Problem
Return exactly those lines of the material below that fall between the line holding "Roast carrots and" and the line holding "Bowl de cerámica", inclusive.

** Opening Provided records block **

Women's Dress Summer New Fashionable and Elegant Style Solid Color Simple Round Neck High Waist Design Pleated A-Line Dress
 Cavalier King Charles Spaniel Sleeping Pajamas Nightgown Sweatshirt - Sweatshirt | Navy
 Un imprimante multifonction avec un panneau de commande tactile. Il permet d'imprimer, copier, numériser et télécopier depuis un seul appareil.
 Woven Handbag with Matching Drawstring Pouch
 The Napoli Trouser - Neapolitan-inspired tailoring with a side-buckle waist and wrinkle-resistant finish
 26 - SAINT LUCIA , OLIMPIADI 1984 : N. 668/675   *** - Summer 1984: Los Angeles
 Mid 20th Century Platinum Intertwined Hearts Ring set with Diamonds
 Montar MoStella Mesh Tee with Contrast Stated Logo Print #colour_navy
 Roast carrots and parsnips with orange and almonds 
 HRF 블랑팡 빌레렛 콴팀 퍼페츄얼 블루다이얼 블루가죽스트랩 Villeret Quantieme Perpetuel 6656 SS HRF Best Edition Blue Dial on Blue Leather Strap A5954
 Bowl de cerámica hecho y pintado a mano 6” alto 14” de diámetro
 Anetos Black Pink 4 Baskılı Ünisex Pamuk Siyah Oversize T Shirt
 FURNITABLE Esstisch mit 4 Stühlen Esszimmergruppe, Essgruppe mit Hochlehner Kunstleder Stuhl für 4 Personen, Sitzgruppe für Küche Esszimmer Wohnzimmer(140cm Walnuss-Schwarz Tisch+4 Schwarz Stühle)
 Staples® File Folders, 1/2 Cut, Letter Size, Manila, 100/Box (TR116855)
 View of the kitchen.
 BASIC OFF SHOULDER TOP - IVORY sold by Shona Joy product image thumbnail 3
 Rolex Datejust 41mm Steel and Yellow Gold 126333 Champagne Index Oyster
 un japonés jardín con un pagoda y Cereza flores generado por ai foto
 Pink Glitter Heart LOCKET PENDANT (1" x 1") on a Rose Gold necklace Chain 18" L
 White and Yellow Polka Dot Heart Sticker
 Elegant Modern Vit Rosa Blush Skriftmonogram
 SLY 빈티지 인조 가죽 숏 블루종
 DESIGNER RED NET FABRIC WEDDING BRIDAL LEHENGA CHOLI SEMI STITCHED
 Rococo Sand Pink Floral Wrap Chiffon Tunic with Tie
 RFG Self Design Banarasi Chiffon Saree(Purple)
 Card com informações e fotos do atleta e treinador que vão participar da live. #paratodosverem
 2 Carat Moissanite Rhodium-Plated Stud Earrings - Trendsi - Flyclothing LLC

** Closing Provided records block **

Answer to this exercise
 Roast carrots and parsnips with orange and almonds 
 HRF 블랑팡 빌레렛 콴팀 퍼페츄얼 블루다이얼 블루가죽스트랩 Villeret Quantieme Perpetuel 6656 SS HRF Best Edition Blue Dial on Blue Leather Strap A5954
 Bowl de cerámica hecho y pintado a mano 6” alto 14” de diámetro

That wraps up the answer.